* **Information provided**:
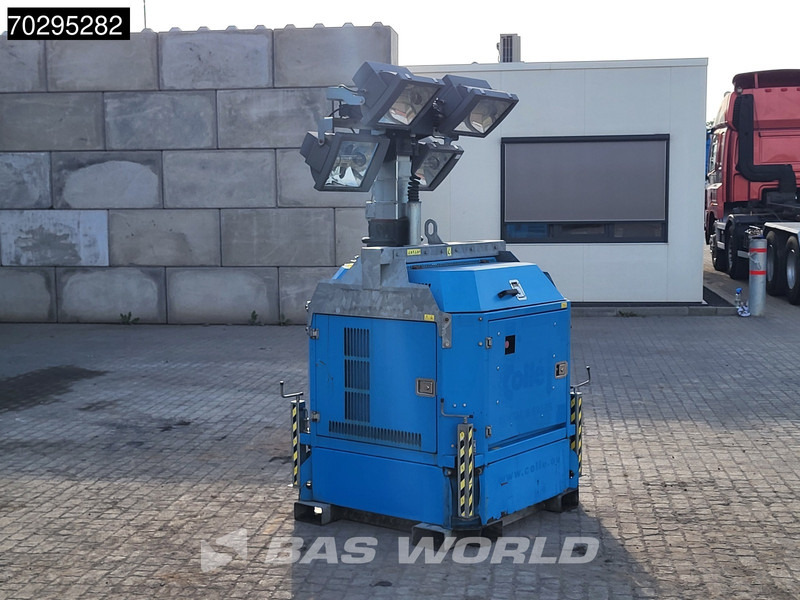 Leasing de Towerlight Hydro Power Cube Towerlight Hydro Power Cube: foto 11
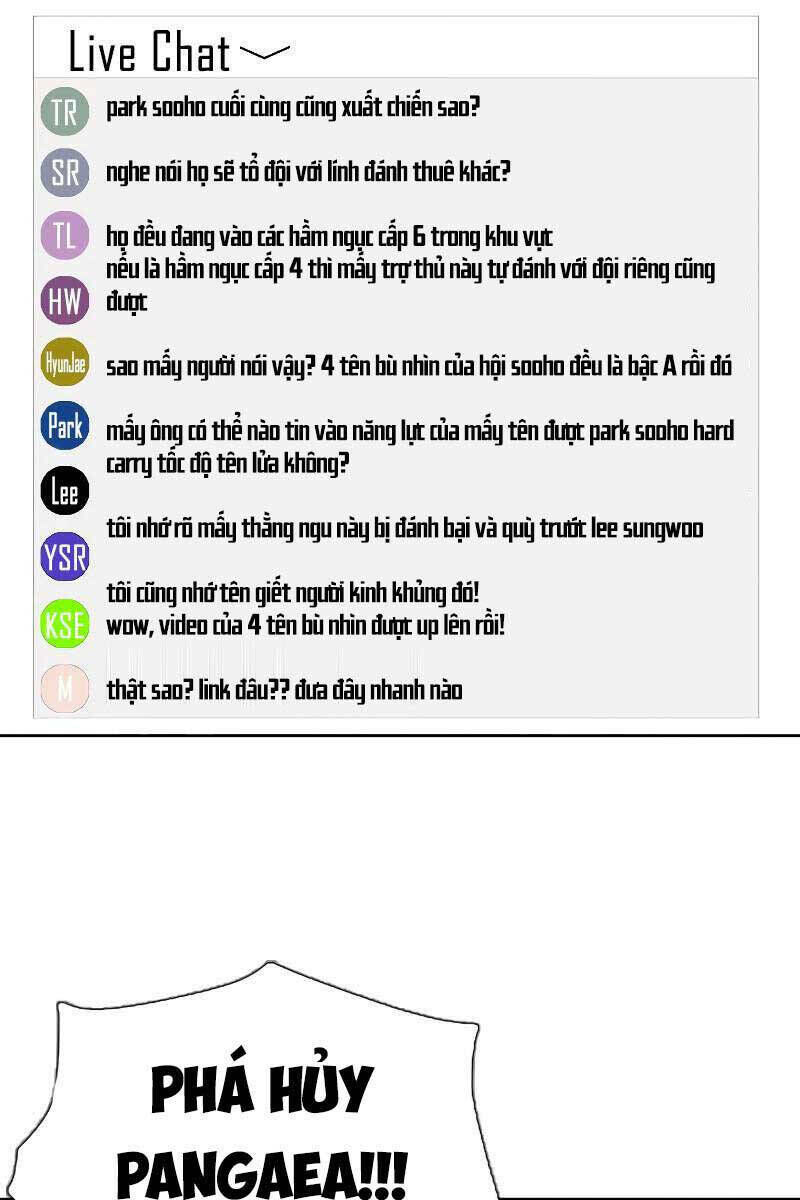 Druid Tại Ga Seoul - Người Hóa Thú Chap 88 - Next Chap 89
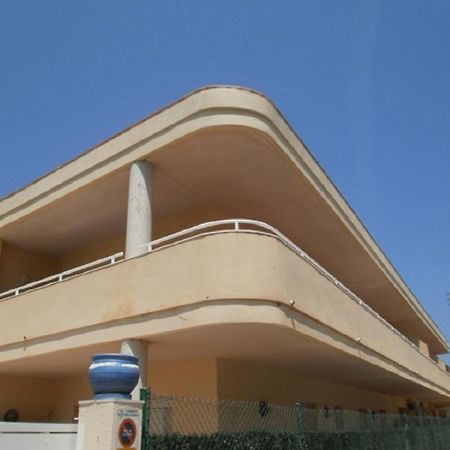 Apartaments Estarsol L'Estartit Exterior photo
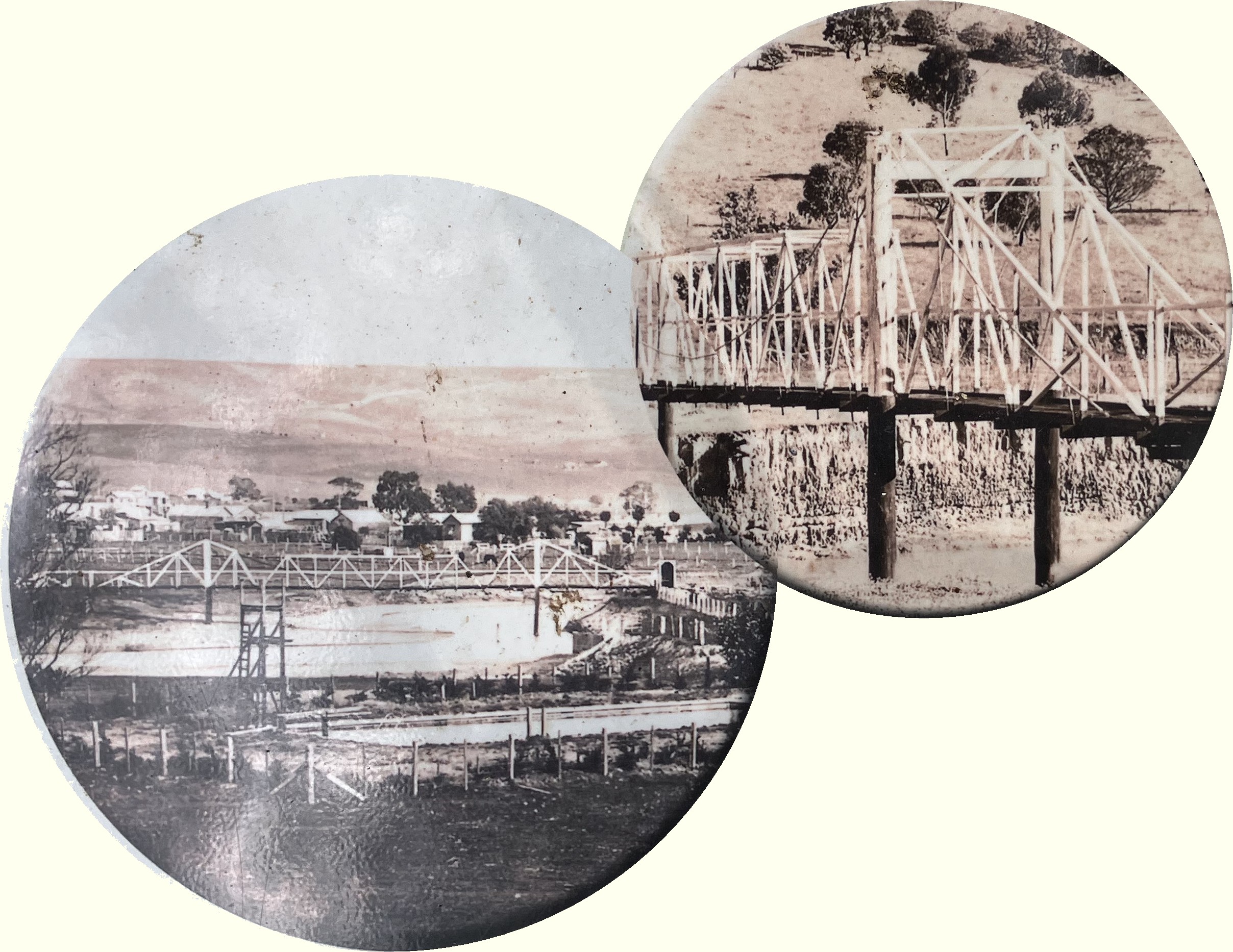 The Bridge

* **Exercise aim**: The whole listing above is to be printed exactly; the pictures stay out.

* **Answer for the task**:
 Leasing de Towerlight Hydro Power Cube Towerlight Hydro Power Cube: foto 11
 Druid Tại Ga Seoul - Người Hóa Thú Chap 88 - Next Chap 89
 Apartaments Estarsol L'Estartit Exterior photo
 The Bridge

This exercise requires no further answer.